■ Record excerpts ■

--------------------

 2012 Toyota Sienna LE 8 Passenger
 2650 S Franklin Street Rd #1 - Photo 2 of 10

--------------------

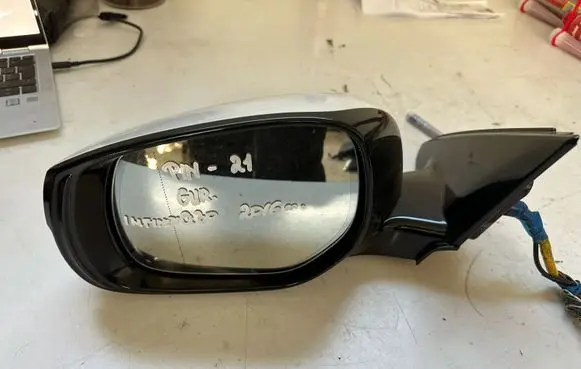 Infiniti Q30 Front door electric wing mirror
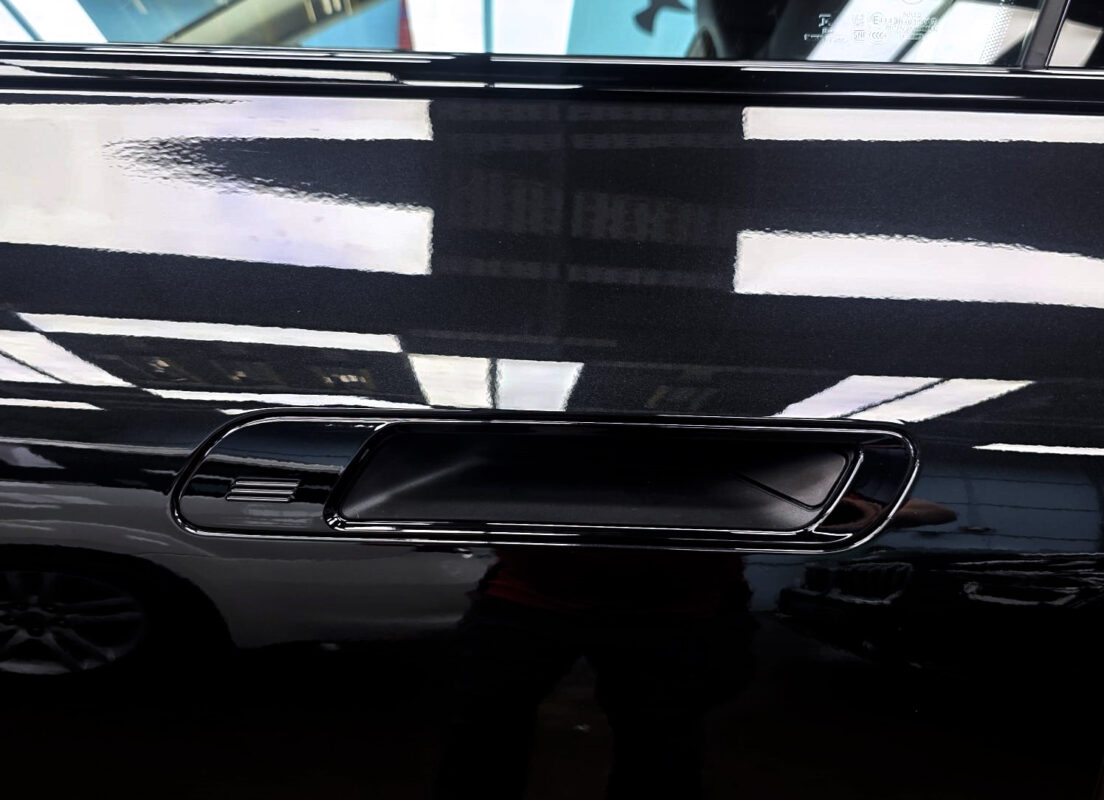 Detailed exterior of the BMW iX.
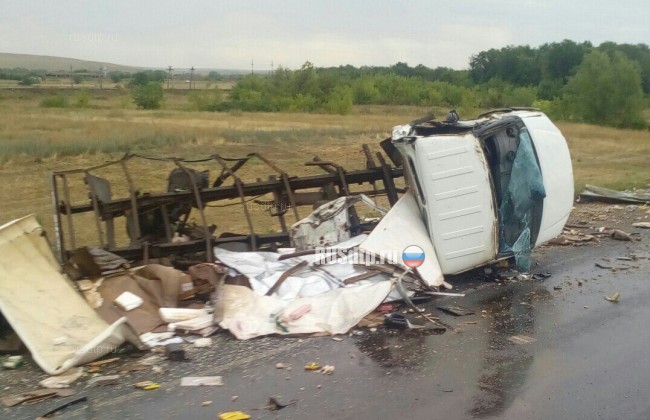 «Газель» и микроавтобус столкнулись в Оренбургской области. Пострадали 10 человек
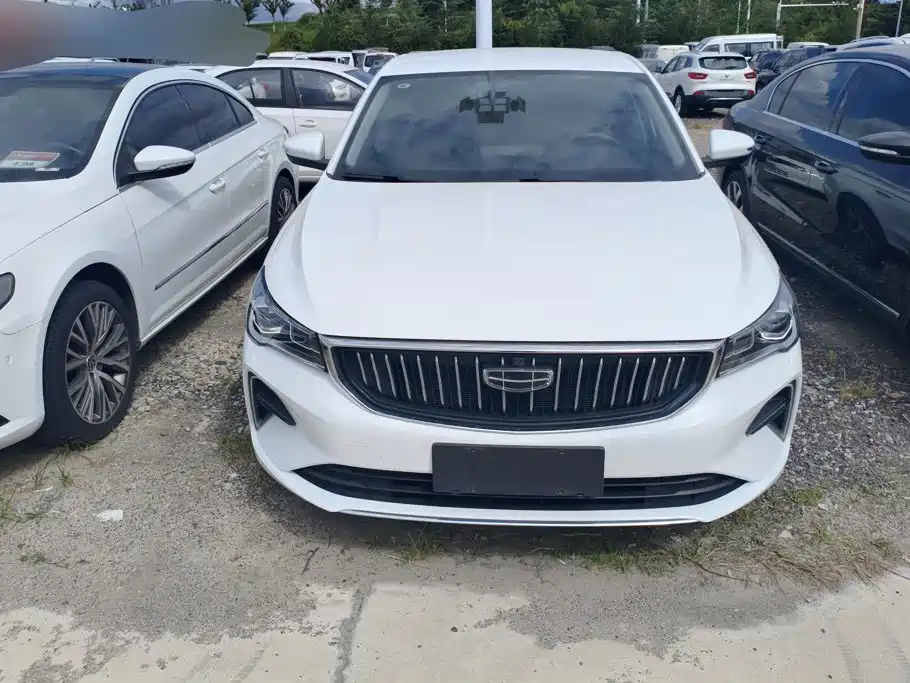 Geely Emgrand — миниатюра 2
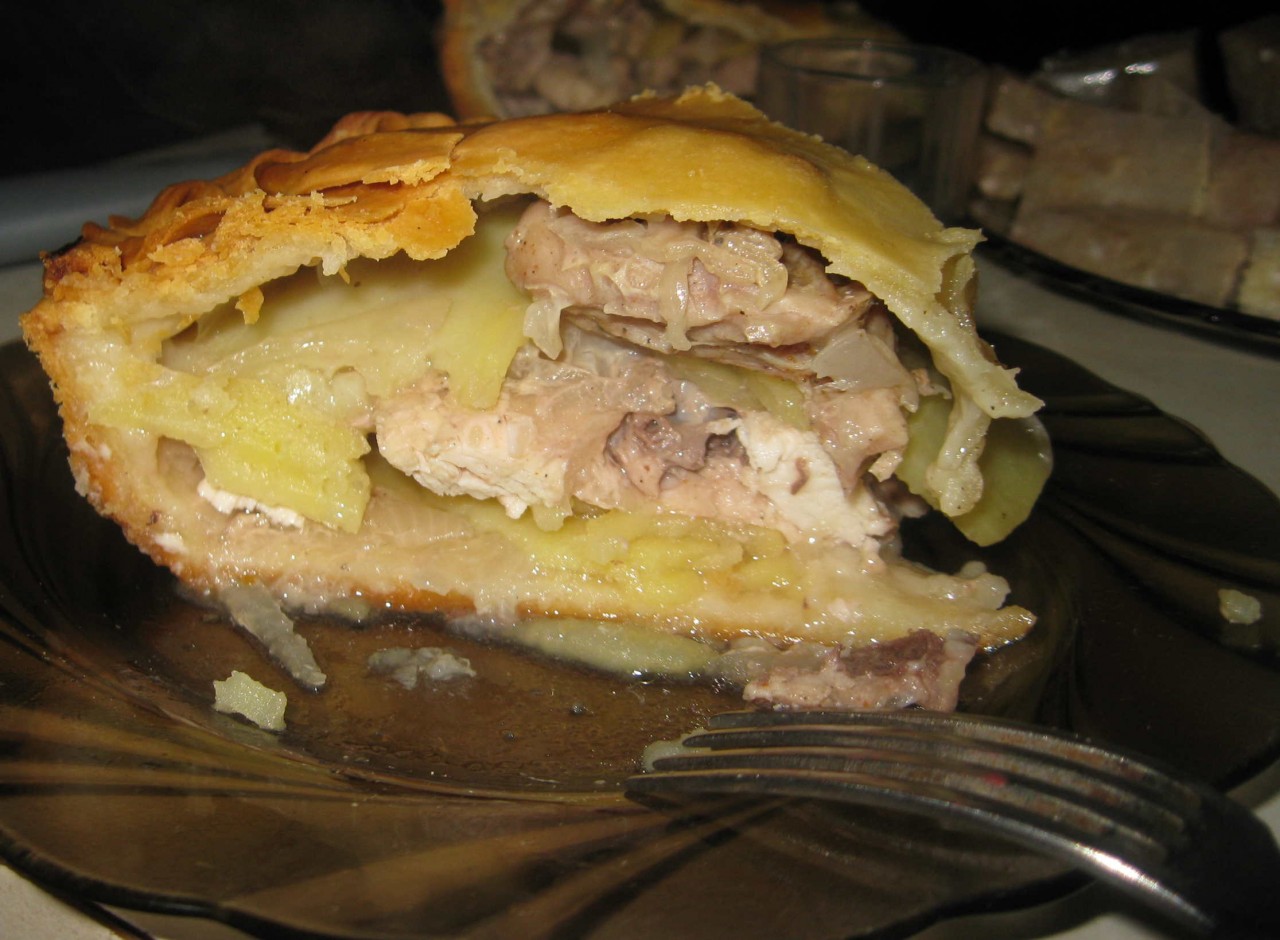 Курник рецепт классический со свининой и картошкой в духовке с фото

--------------------

■ Directions for this task ■
Return exactly the lines above, from the one with "Detailed exterior of the BMW iX." up to and including the one with "Курник рецепт классический", and include no pictures.

■ Answer section ■
 Detailed exterior of the BMW iX.
 «Газель» и микроавтобус столкнулись в Оренбургской области. Пострадали 10 человек
 Geely Emgrand — миниатюра 2
 Курник рецепт классический со свининой и картошкой в духовке с фото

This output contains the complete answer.